##### DATA SUPPLIED #####
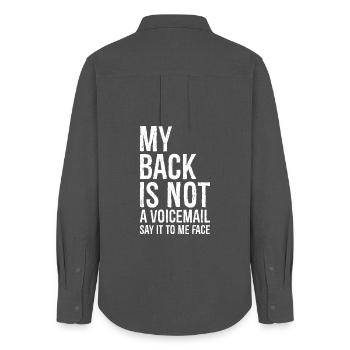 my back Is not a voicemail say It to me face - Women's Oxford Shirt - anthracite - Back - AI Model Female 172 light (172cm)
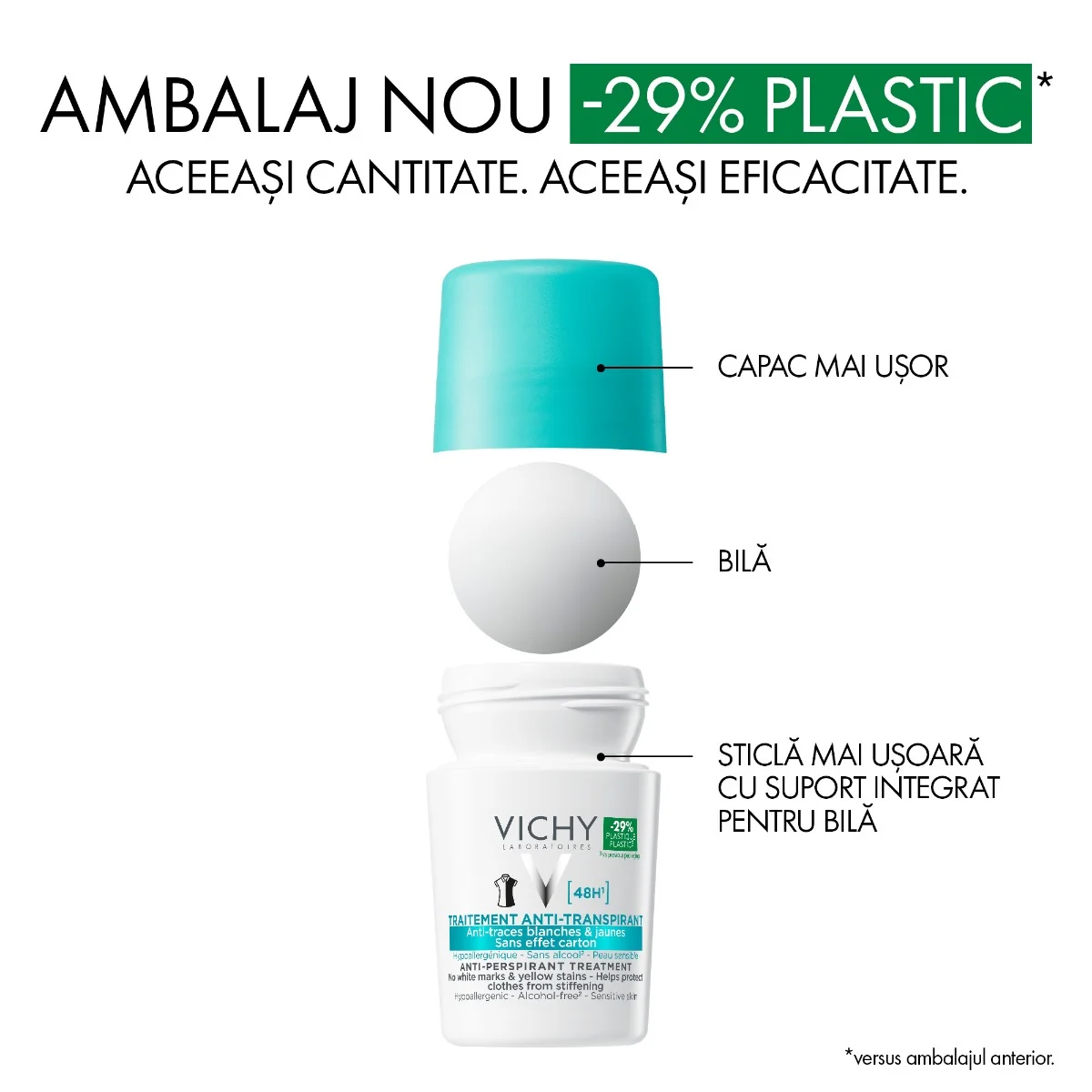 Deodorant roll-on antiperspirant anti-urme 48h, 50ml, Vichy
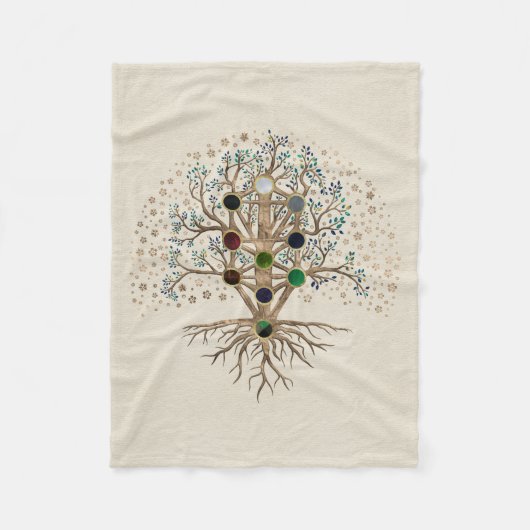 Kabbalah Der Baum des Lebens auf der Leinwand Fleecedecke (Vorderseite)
#####
##### DATA SUPPLIED #####
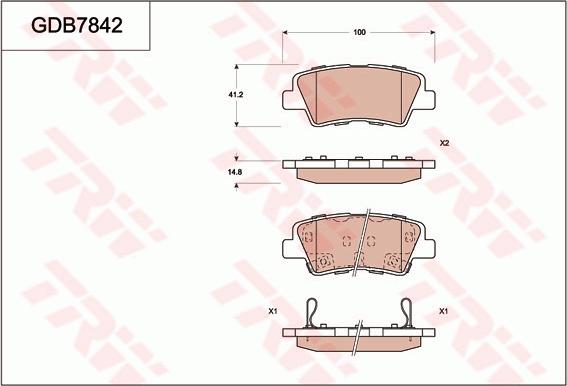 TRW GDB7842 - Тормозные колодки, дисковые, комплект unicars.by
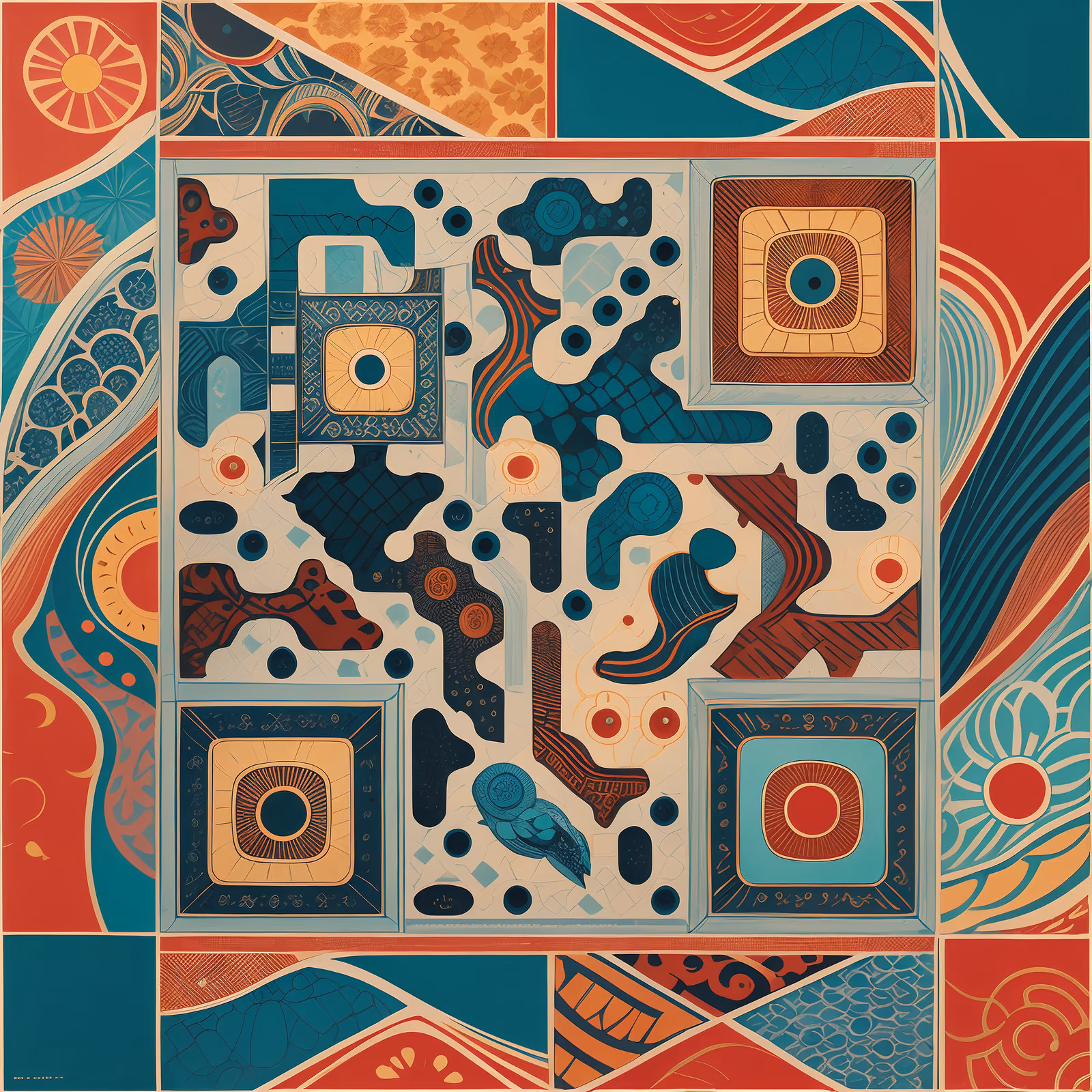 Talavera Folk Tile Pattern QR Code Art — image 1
#####
##### DATA SUPPLIED #####
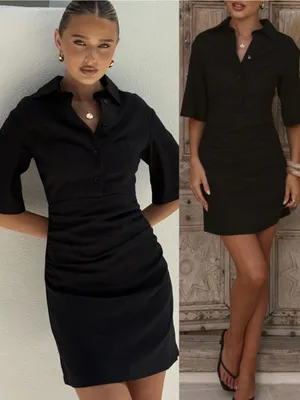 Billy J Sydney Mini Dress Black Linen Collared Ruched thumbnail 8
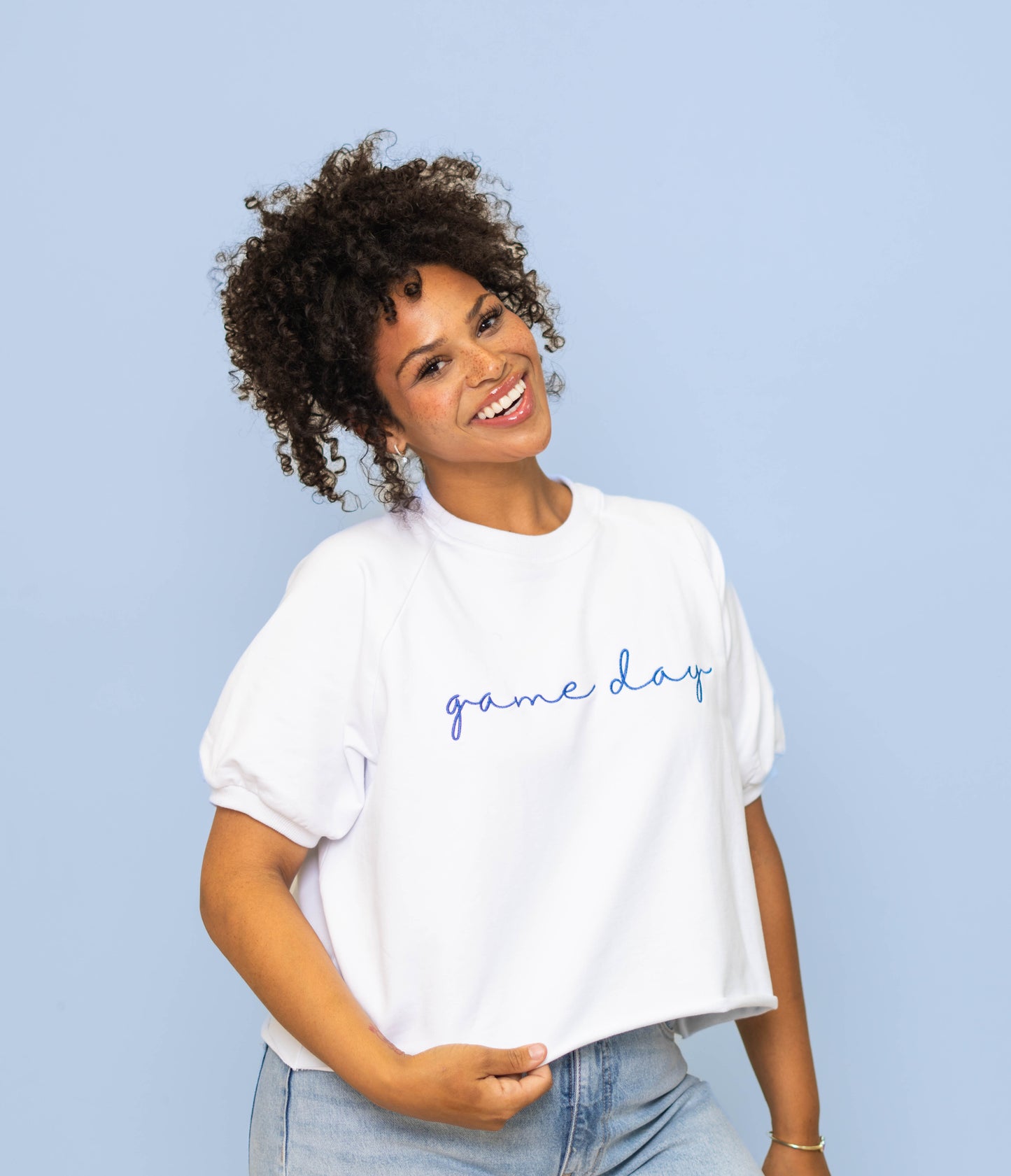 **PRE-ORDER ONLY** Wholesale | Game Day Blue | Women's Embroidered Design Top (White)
#####
GOAL OF THE EXERCISE. Using the data above, retype exactly and only the lines from the one containing "Billy J Sydney" up to and including the one containing "Design Top (White)", with no pictures carried over.

REPLY TO THE TASK.
 Billy J Sydney Mini Dress Black Linen Collared Ruched thumbnail 8
 **PRE-ORDER ONLY** Wholesale | Game Day Blue | Women's Embroidered Design Top (White)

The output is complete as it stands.